Monica Nicoli (M’99) received the M.Sc. degree (with honors) and the Ph.D. degree in telecommunication engineering from the Politecnico di Milano, Milan, Italy, in 1998 and 2002, respectively. During 2001, she was a visiting researcher at Signals and Systems, Uppsala University, Sweden. Currently, she is an Assistant Professor with the Dipartimento di Elettronica e Informazione, Politecnico di Milano. Her research interests are in the area of signal processing for wireless communication systems: antenna arrays processing, MIMO systems, channel estimation and equalization, multiuser detection, turbo processing, multicarrier systems, Bayesian tracking for wireless localization, and remote sensing applications. Dr. Nicoli received the Marisa Bellisario Award in 1999.

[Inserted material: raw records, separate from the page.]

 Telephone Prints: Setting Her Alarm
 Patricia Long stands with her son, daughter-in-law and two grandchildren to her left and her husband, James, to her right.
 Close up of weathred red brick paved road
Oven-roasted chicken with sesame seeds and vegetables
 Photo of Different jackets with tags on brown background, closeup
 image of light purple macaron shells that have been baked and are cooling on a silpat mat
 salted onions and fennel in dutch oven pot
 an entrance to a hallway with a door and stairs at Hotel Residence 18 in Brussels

Vittorio Rampa was born in Genoa, Italy, in 1957. He received the Laurea (with honors) as Dottore in Ingegneria Elettronica in 1984 from the Politecnico di Milano, Milan, Italy. In 1986, he joined the Center for Space Communications (CSTS-CNR) of the Italian National Research Council (CNR) now the Institute of Electronics, Computer and Telecommunication Engineering (IEIIT-CNR) where he is Senior Researcher. He was a Visiting Scholar with the Center for Integrated Systems, Stanford University, Stanford, CA, during 1987–1988. Since 1999, he has also been a Contract Professor with the Politecnico di Milano working in telecommunication architectures. Presently, his research interests include signal processing for telecommunication and radar systems and hardware/software reconfigurable architectures for mobile communication systems.

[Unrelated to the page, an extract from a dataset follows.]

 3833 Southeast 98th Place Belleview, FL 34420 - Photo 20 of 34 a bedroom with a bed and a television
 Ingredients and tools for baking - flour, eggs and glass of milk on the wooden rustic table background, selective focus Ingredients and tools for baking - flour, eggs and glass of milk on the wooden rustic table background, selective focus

Umberto Spagnolini (SM’99) received the Dott. Ing. Elettronica (cum laude) from the Politenico di Milano, Milan, Italy, in 1988. Since 1988, he has been with the Dipartimento di Elettronica e Informazione, Politenico di Milano, as an Assistant Professor (1990–1998), an Associate Professor (1998–2006), and a Full Professor (since 2006) in the area of statistical signal processing and communication systems. His general interests are in the area of signal processing, estimation theory, and system identification. The specific areas of interest include channel estimation, array processing and cross-layer optimization (PHY/MAC) for communication systems, parameter estimation and tracking, wavefield interpolation with applications to UWB radar. and remote sensing. Dr. Spagnolini served as an Associate Editor for the IEEE TRANSACTIONS ON GEOSCIENCE AND REMOTE SENSING from 1999 to 2006. He was awarded the AEI Award (1991), Van Weelden Award of EAGE (1991), and the Best Paper Award from EAGE (1998).